• **Study material**
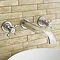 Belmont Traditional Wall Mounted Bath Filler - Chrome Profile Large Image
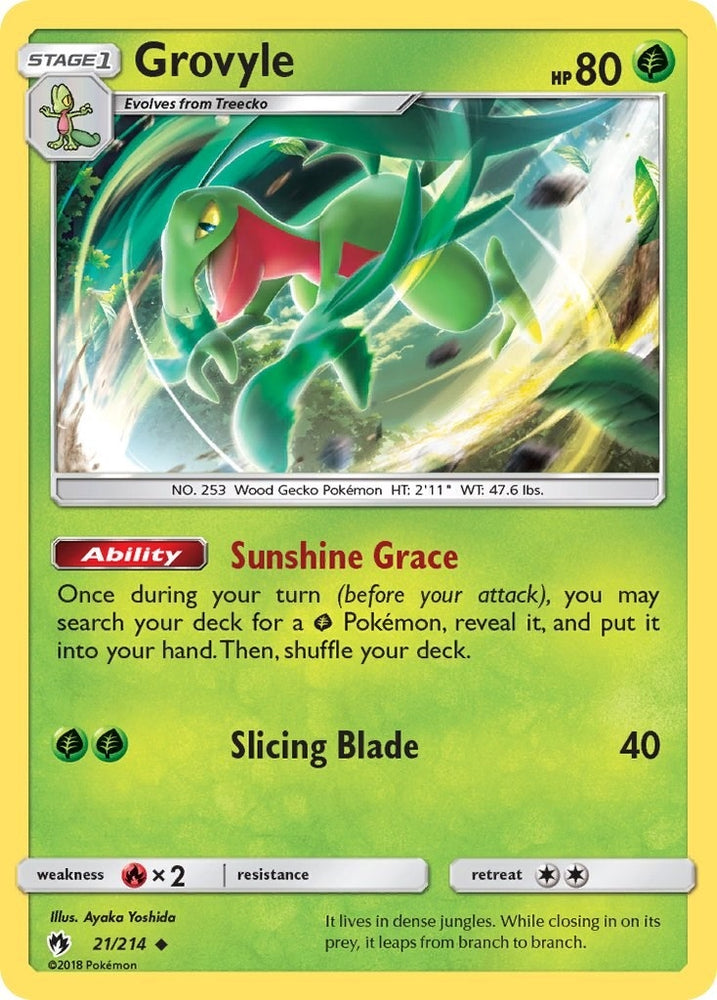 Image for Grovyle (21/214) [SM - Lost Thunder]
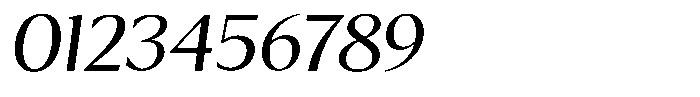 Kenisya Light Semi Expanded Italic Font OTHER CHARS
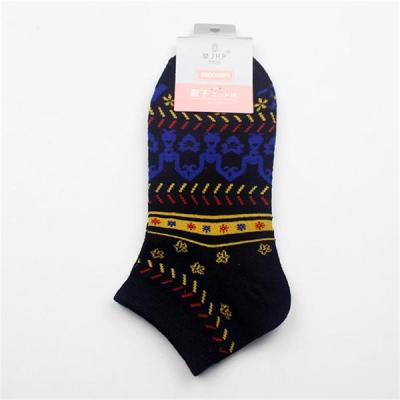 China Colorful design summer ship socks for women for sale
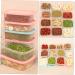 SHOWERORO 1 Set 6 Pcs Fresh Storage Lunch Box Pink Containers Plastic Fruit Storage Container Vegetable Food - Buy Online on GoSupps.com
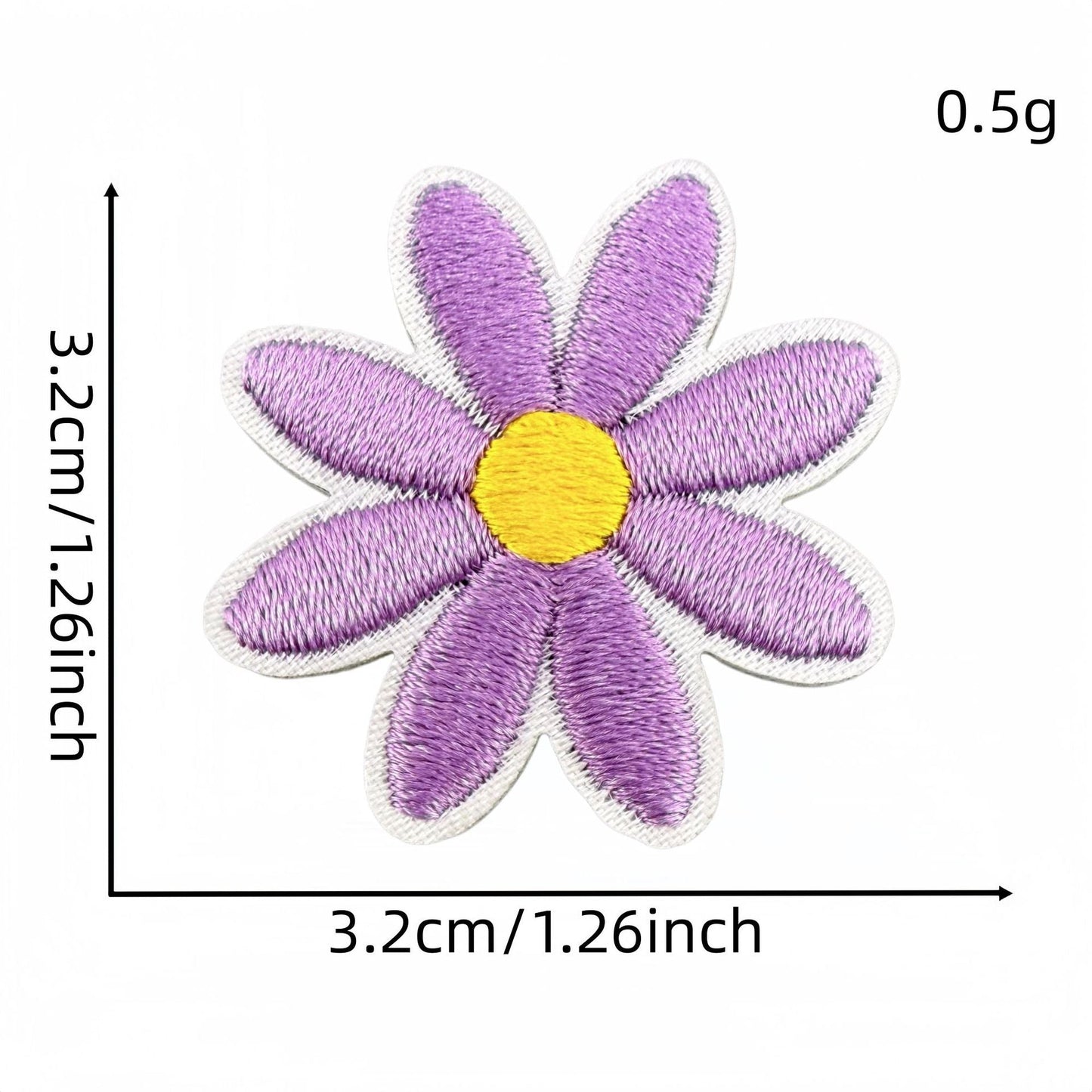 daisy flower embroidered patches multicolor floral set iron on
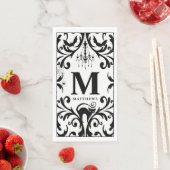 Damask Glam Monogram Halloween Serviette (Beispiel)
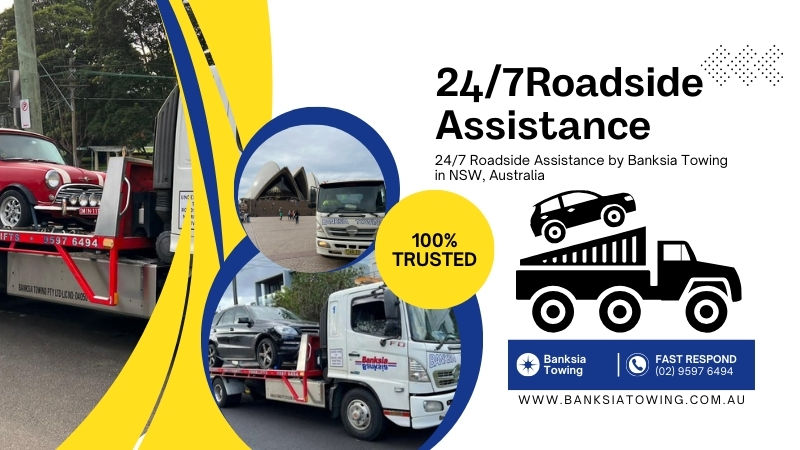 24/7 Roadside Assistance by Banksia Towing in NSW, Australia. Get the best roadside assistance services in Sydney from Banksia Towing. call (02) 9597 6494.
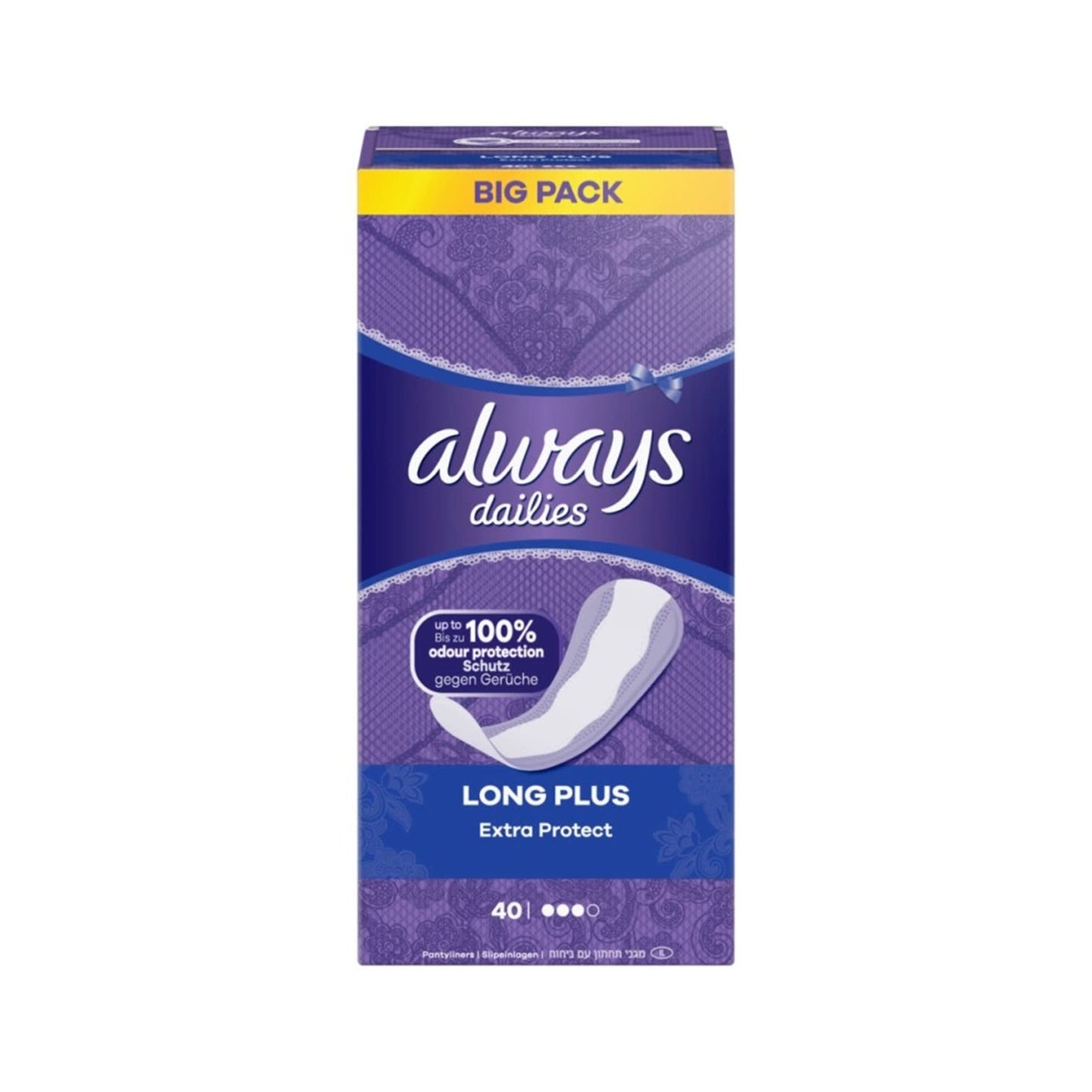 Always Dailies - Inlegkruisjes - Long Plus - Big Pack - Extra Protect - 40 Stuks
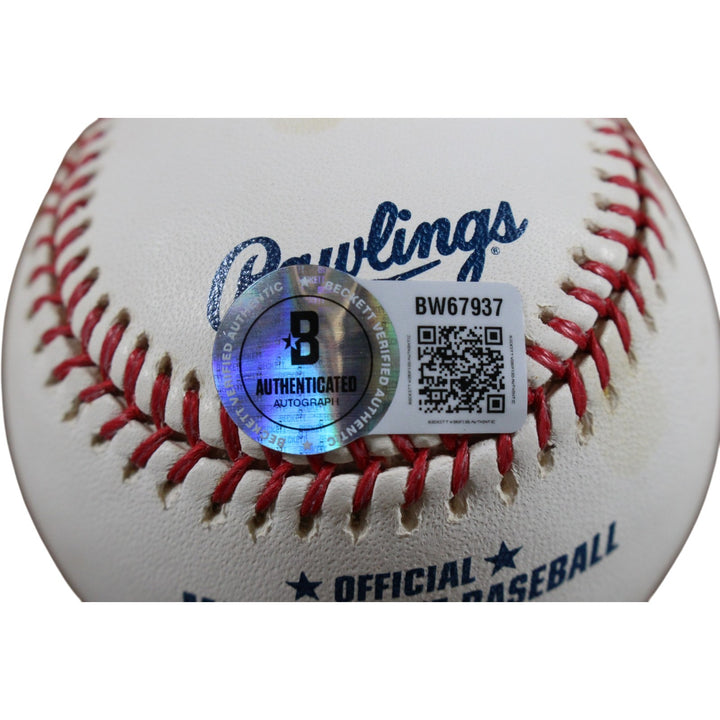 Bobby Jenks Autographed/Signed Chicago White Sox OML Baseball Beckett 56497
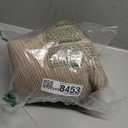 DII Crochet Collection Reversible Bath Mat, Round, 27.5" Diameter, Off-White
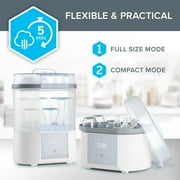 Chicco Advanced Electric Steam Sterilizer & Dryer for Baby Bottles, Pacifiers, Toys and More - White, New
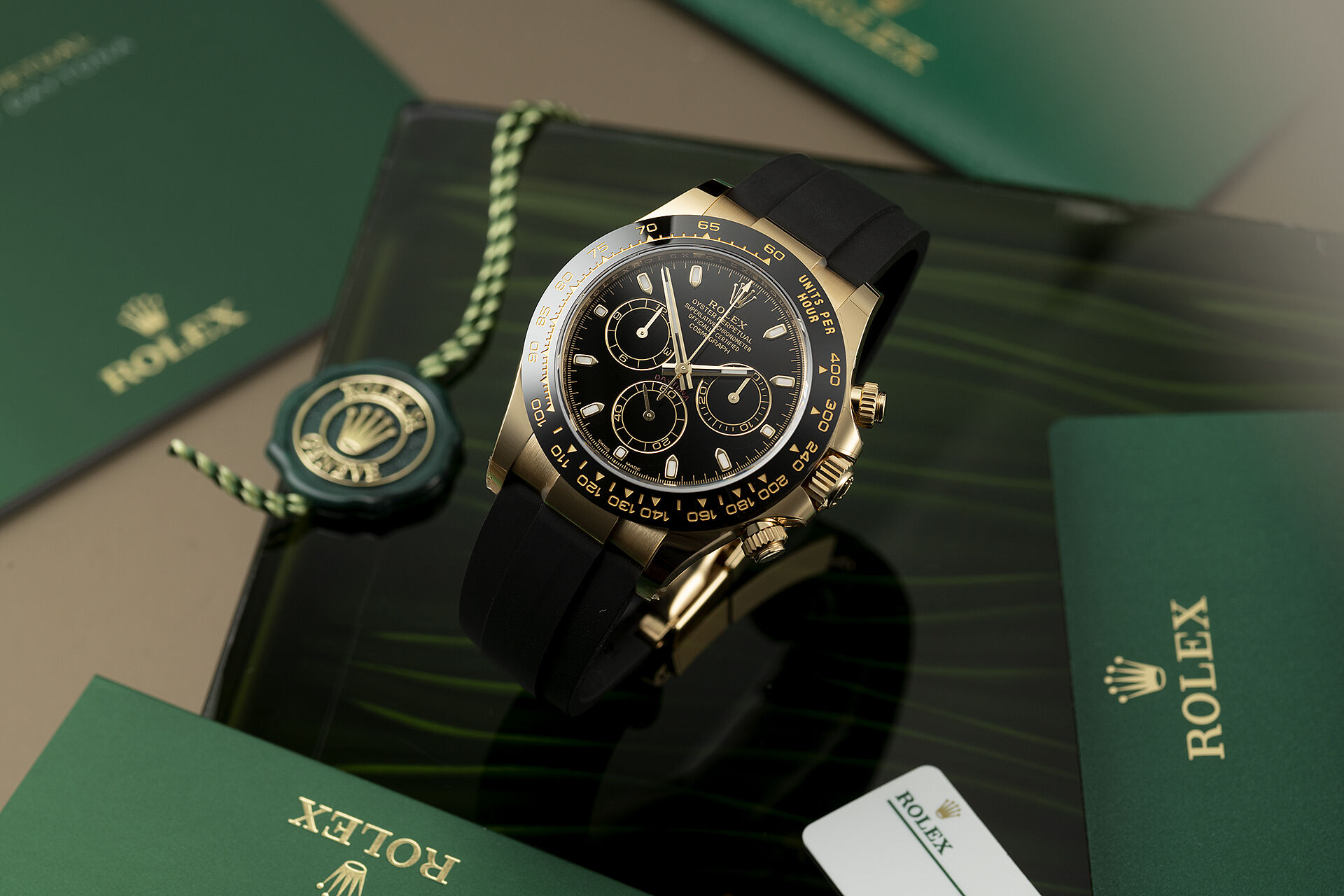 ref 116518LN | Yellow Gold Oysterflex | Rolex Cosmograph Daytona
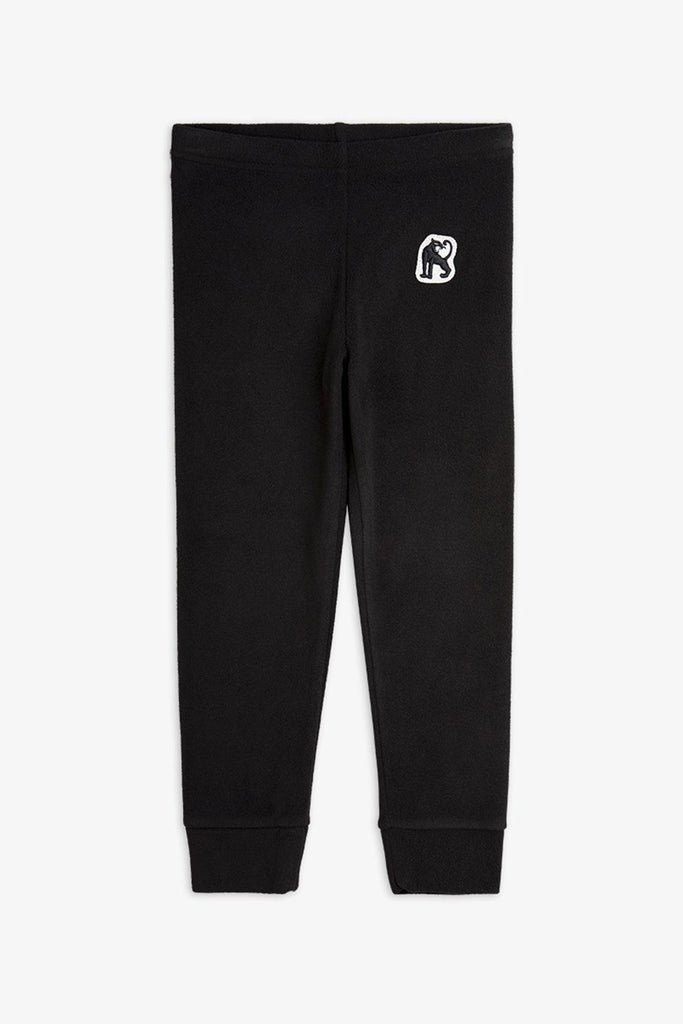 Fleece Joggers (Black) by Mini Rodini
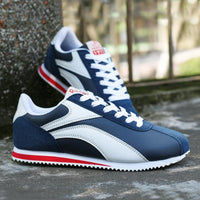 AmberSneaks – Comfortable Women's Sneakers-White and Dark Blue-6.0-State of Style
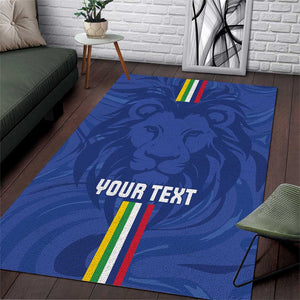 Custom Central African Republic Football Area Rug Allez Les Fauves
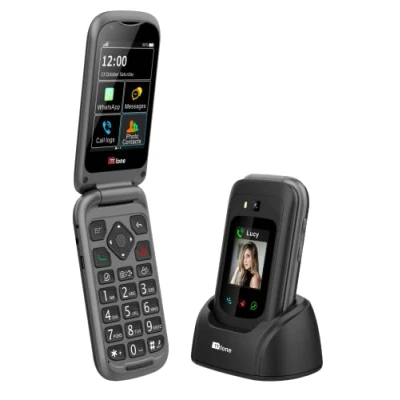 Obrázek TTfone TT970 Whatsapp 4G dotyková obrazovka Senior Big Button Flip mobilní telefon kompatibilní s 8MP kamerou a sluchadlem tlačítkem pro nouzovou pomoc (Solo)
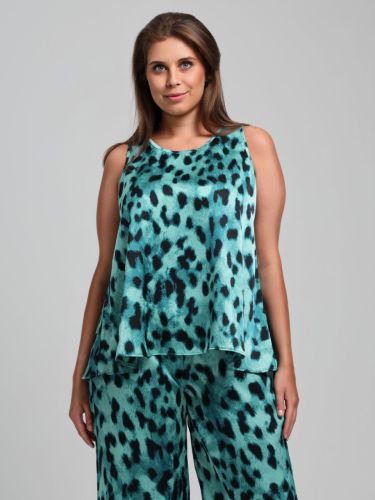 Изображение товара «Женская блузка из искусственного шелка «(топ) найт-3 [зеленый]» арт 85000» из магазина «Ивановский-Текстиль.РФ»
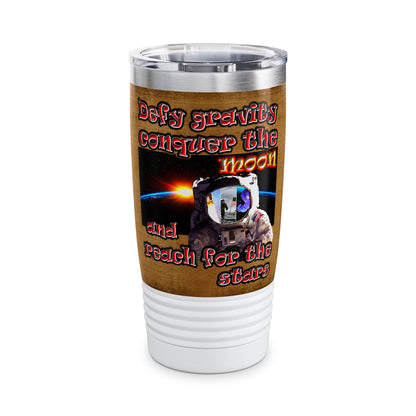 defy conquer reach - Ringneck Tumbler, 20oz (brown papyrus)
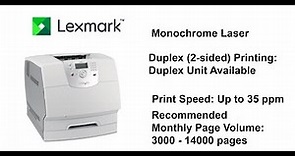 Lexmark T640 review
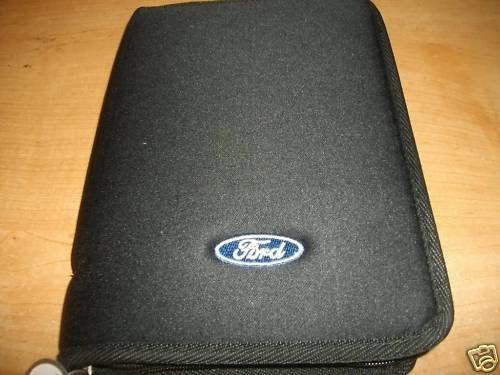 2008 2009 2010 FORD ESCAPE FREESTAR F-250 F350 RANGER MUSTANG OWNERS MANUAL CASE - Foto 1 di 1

• **About this exercise**
Skip the pictures and retype exactly the lines from the one that contains "AmberSneaks – Comfortable" to the last line of the records.

• **Output below**
 AmberSneaks – Comfortable Women's Sneakers-White and Dark Blue-6.0-State of Style
 Custom Central African Republic Football Area Rug Allez Les Fauves
 Obrázek TTfone TT970 Whatsapp 4G dotyková obrazovka Senior Big Button Flip mobilní telefon kompatibilní s 8MP kamerou a sluchadlem tlačítkem pro nouzovou pomoc (Solo)
 Изображение товара «Женская блузка из искусственного шелка «(топ) найт-3 [зеленый]» арт 85000» из магазина «Ивановский-Текстиль.РФ»
 defy conquer reach - Ringneck Tumbler, 20oz (brown papyrus)
 Lexmark T640 review
 2008 2009 2010 FORD ESCAPE FREESTAR F-250 F350 RANGER MUSTANG OWNERS MANUAL CASE - Foto 1 di 1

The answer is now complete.